Of the lines in the data below, write out exactly those from the one holding "ktm duke 200" through the one holding "アンサンブル風Vネックニット", both included.

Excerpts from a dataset
::::::
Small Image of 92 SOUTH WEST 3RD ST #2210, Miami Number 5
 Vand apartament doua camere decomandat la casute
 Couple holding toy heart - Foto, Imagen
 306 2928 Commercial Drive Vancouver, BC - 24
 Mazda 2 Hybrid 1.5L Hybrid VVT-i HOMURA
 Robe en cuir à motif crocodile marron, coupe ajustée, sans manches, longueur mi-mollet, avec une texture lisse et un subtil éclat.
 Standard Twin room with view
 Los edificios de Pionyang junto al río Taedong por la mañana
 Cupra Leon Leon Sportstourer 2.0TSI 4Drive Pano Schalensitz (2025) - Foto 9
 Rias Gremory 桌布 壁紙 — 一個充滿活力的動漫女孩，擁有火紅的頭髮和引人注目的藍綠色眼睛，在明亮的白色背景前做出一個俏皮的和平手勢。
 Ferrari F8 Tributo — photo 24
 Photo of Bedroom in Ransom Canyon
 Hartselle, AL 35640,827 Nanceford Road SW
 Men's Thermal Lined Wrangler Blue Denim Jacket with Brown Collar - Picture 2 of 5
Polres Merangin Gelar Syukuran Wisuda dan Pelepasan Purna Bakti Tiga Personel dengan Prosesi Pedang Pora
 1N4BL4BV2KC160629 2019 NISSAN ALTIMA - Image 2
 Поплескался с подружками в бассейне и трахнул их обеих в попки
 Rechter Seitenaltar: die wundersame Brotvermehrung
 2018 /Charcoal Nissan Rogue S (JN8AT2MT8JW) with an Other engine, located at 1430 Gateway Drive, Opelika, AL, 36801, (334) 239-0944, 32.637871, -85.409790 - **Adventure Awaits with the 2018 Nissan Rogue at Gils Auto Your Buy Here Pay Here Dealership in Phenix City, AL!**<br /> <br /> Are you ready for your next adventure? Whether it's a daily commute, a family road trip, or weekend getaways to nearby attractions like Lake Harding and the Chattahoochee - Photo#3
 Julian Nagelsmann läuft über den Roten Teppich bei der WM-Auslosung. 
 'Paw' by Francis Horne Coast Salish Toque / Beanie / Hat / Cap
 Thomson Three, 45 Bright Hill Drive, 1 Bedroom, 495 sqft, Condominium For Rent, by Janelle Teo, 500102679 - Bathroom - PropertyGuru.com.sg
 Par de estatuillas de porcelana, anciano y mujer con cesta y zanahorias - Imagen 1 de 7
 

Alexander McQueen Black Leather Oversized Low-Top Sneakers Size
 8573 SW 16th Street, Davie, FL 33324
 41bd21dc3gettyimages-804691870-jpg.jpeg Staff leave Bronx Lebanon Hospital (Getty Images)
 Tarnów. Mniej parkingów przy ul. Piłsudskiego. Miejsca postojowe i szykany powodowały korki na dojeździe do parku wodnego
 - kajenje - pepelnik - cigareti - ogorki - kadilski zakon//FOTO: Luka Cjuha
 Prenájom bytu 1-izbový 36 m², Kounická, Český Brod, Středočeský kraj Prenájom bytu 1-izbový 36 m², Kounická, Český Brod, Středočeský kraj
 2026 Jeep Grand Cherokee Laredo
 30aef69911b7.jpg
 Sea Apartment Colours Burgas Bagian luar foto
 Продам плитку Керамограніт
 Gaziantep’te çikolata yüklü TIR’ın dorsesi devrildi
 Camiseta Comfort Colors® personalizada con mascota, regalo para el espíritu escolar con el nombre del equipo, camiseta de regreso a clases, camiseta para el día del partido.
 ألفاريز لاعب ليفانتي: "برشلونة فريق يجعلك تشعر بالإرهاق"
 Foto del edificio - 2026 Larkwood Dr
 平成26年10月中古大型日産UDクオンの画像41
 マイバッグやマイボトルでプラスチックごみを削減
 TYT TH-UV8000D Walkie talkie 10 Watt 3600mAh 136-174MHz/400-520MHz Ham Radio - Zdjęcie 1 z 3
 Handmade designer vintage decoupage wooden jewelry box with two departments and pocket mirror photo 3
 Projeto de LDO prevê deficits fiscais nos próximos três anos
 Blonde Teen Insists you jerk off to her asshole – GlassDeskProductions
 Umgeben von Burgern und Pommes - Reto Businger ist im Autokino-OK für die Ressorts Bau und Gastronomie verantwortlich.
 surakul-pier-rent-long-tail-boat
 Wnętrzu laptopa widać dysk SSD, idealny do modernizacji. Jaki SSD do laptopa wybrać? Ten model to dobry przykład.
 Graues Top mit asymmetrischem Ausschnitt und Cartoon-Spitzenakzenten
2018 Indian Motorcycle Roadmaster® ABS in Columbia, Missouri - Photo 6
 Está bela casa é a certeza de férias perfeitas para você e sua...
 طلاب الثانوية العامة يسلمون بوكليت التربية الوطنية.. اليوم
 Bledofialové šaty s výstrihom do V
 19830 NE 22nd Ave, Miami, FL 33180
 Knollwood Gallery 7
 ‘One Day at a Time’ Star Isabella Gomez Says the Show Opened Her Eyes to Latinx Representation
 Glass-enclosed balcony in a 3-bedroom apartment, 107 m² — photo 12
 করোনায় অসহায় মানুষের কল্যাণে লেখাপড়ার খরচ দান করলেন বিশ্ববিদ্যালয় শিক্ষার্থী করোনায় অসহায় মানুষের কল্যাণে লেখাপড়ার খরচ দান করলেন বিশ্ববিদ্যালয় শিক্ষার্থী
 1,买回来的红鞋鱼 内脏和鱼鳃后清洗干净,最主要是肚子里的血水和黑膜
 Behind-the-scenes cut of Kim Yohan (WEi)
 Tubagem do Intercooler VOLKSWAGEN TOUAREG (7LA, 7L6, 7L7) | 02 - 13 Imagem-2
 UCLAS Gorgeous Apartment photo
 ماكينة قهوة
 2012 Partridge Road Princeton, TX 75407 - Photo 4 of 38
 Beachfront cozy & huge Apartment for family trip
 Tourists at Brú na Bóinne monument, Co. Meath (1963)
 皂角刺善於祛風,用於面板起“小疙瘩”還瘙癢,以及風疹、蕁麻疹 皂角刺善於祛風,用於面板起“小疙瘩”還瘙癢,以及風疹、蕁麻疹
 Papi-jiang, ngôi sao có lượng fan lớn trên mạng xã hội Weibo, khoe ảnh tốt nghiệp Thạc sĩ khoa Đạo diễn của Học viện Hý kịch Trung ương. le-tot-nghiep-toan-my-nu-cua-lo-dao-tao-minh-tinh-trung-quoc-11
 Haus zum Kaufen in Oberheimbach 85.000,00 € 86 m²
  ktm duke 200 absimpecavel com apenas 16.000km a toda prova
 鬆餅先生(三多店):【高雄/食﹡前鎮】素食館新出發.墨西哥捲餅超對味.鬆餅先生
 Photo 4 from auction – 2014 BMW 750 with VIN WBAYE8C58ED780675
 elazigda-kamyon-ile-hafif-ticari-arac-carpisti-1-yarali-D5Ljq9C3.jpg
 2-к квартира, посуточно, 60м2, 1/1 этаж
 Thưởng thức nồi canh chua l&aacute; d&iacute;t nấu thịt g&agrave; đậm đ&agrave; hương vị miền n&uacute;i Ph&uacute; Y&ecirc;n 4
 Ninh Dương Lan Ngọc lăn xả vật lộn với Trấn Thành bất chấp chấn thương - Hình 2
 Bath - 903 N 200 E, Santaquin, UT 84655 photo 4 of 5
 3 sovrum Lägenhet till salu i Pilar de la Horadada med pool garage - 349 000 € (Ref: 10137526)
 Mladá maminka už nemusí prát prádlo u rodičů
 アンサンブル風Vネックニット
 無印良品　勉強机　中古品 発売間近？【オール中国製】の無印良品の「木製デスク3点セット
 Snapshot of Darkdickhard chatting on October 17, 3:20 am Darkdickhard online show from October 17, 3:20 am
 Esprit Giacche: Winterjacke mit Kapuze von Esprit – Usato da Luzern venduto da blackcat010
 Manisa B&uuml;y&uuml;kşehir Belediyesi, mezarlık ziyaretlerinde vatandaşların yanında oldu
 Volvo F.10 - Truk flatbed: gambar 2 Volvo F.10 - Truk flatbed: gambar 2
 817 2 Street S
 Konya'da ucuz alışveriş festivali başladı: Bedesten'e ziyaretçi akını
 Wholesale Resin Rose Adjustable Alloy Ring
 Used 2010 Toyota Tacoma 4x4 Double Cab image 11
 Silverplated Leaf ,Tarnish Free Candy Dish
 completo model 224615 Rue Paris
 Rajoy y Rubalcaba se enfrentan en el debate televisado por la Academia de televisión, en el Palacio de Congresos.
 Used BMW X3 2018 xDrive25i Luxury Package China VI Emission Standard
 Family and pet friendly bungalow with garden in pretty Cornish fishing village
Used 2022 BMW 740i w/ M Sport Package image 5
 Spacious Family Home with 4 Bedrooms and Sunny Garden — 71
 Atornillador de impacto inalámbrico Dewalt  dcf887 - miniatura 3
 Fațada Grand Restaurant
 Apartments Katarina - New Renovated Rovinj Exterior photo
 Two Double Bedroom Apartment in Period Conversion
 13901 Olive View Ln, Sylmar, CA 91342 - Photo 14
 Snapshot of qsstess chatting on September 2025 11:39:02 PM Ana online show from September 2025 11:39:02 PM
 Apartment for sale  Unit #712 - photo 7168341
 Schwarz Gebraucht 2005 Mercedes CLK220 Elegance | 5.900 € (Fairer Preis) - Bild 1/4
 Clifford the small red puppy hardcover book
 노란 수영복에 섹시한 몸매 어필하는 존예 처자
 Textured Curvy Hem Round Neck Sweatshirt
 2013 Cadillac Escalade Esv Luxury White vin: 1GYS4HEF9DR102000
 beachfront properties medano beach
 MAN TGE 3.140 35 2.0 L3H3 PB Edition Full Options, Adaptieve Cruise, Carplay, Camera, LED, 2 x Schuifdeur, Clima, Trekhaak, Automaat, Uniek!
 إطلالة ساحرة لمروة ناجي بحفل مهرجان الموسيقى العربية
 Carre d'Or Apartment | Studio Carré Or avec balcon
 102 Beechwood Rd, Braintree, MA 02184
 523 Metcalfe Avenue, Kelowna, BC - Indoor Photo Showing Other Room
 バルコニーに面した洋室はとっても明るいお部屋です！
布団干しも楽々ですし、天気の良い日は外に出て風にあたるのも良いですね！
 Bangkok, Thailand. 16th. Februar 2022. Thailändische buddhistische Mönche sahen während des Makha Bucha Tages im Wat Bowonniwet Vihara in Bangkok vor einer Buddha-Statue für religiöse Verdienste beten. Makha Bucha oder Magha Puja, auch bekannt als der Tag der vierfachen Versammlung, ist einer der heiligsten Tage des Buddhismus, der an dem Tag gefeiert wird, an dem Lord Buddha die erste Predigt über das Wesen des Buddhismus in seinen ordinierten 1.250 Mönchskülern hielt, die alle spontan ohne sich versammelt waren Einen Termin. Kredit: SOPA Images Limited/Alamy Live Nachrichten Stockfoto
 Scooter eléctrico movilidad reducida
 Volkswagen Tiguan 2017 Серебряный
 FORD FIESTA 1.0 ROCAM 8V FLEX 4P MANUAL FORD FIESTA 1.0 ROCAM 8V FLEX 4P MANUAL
::::::
> _Task solution_
  ktm duke 200 absimpecavel com apenas 16.000km a toda prova
 鬆餅先生(三多店):【高雄/食﹡前鎮】素食館新出發.墨西哥捲餅超對味.鬆餅先生
 Photo 4 from auction – 2014 BMW 750 with VIN WBAYE8C58ED780675
 elazigda-kamyon-ile-hafif-ticari-arac-carpisti-1-yarali-D5Ljq9C3.jpg
 2-к квартира, посуточно, 60м2, 1/1 этаж
 Thưởng thức nồi canh chua l&aacute; d&iacute;t nấu thịt g&agrave; đậm đ&agrave; hương vị miền n&uacute;i Ph&uacute; Y&ecirc;n 4
 Ninh Dương Lan Ngọc lăn xả vật lộn với Trấn Thành bất chấp chấn thương - Hình 2
 Bath - 903 N 200 E, Santaquin, UT 84655 photo 4 of 5
 3 sovrum Lägenhet till salu i Pilar de la Horadada med pool garage - 349 000 € (Ref: 10137526)
 Mladá maminka už nemusí prát prádlo u rodičů
 アンサンブル風Vネックニット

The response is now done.